Released: 2003, Sanctuary Records
Reviewer: Lord of the Wasteland
THE LONG ROAD TO CABO is essentially a road movie, filmed documentary style as Sammy Hagar and his band, The Waboritas, circle their way through an ill-fated 2002 U.S. tour with Hagar’s Van Halen predecessor, David Lee Roth. As Hagar slips comfortably into his fifties, the rock and roll party lifestyle seems to be taking a backseat to family life as Hagar takes his (much younger) wife and children on the band’s “Cabo Wabo Express Plane” with him from city to city. Essentially, THE LONG ROAD TO CABO documents a summer-long vacation where Dad just happens to play in front of a few thousand people every night and swill tequila while watching women flash him from the audience (why didn’t my high school guidance counselor present this career option to me?).
Hagar is a legend, no doubt about it. His tenure in hard-rock legends Montrose began in the early seventies and Hagar continued to deliver classic albums like STANDING HAMPTON and V.O.A. before signing on with a little band from California called Van Halen (maybe you’ve heard of them?). After quitting (or being fired depending on which side you believe) Van Halen, Hagar picked up his solo career once again releasing several albums along the way which takes us up to where the documentary takes place.
This is hardly a “concert video” and, in fact, the live footage almost takes a backseat to the narrative and behind-the-scenes stuff that goes on. Kid Rock, Ted Nugent, Randy “Macho Man” Savage and other famous faces show up to meet Hagar and his own family explains just how the Red Rocker came to music. The interviews are quite interesting and his mother’s pride almost beams from her face as she talks about her son. Looking like an aging surfer, Hagar putters around in flip flops and Hawaiian shirts as he demonstrates his love for cooking, a garage full of vintage cars and is all about his fans as he does meet-and-greets backstage. The most amusing footage surrounds the sideshow that seems to follow Roth. Looking absolutely dreadful with bleached blond hair and spandex, Roth’s glory days are clearly behind him. At one point, Hagar reads aloud a newspaper review of the previous night’s show and seems to revel in the fact that the piece pans Roth and praises him. Roth’s bus blindsides a car and the look on Hagar’s face is one of “What have I gotten myself into?” Hagar addresses the state of Van Halen—which has since become a moot point given their 2004 reunion—and seems genuinely happy on his own while “Beavis & Butthead” (referring to Eddie and Alex Van Halen) decide what is happening.

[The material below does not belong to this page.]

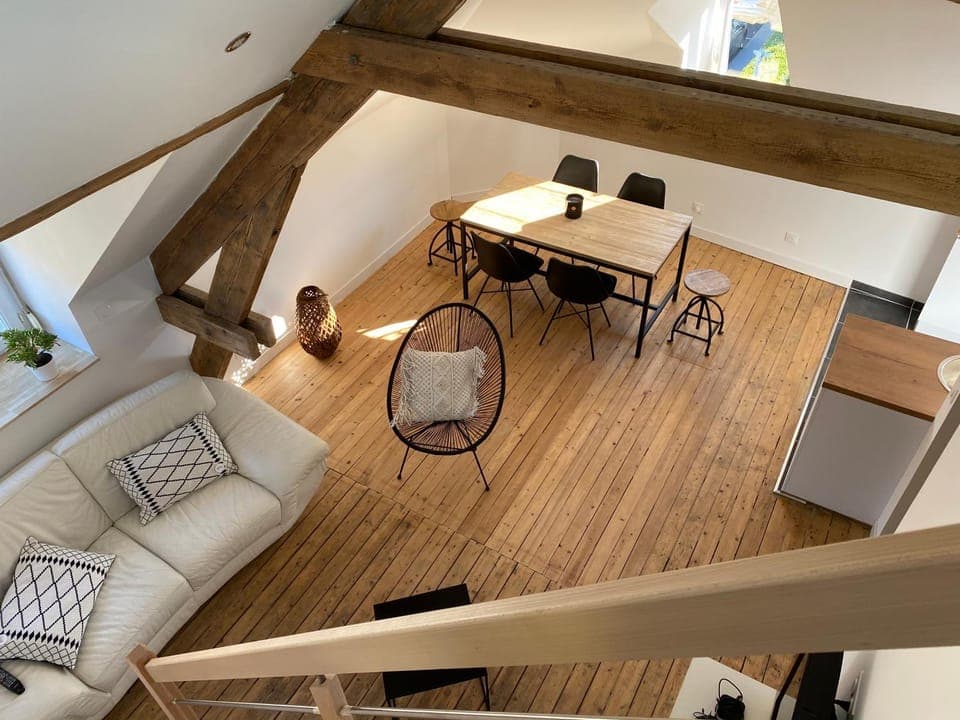 Living room, Seating area, Dining area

Of the musical portions, the band rips through killer versions of “Heavy Metal” and “When It’s Love.” Van Halen bandmate, Michael Anthony, appears on a few dates to play some VH classics with the band, as well. In what truly must have caused the universe to fold in on itself, Hagar’s replacement in Van Halen, Gary Cherone, comes on stage to perform a cover of Led Zeppelin’s “Rock and Roll.” Too bad Roth wasn’t around at this point because how trippy would that have been to see the three of them trading verses together?
The second DVD features over four hours of Sammy Hagar bonus features and information that take the viewer even further into the artist and the man. Included are a painfully detailed discography with sound clips from EVERY song on EVERY album Hagar has ever released, an intimate photo gallery (backed with a rare Hagar song), original hand-written lyrics, complete videography (with and without commentary by Hagar and director Gil Bettman), a short documentary detailing his rise from a dirt poor family to a hard rock legend, a trivia game with access to extra footage if you get the answers right, how to make a Waborita using Hagar’s premium Cabo Wabo tequila and the best piece, the “Cooking With Sammy” documentary where Hagar shows in full detail how he makes his famous spaghetti sauce.
All in all, THE LONG ROAD TO CABO is a fascinating exploration of the life of Sammy Hagar. Do not pick up this DVD if you are looking for a two hour Hagar show because that is not what it is about. His life, both off-stage and on, are covered in painful detail and with a very candid approach. Hagar’s disdain for David Lee Roth is never hidden nor are his feelings towards his former bandmates in Van Halen so this really is a warts-and-all production. The bonus features would be worth the price of a standalone DVD themselves so for around $30, you’ll get more information than you ever needed to know about Sammy Hagar, some great music and a bit of a look into the life of what makes a rock and roll legend tick.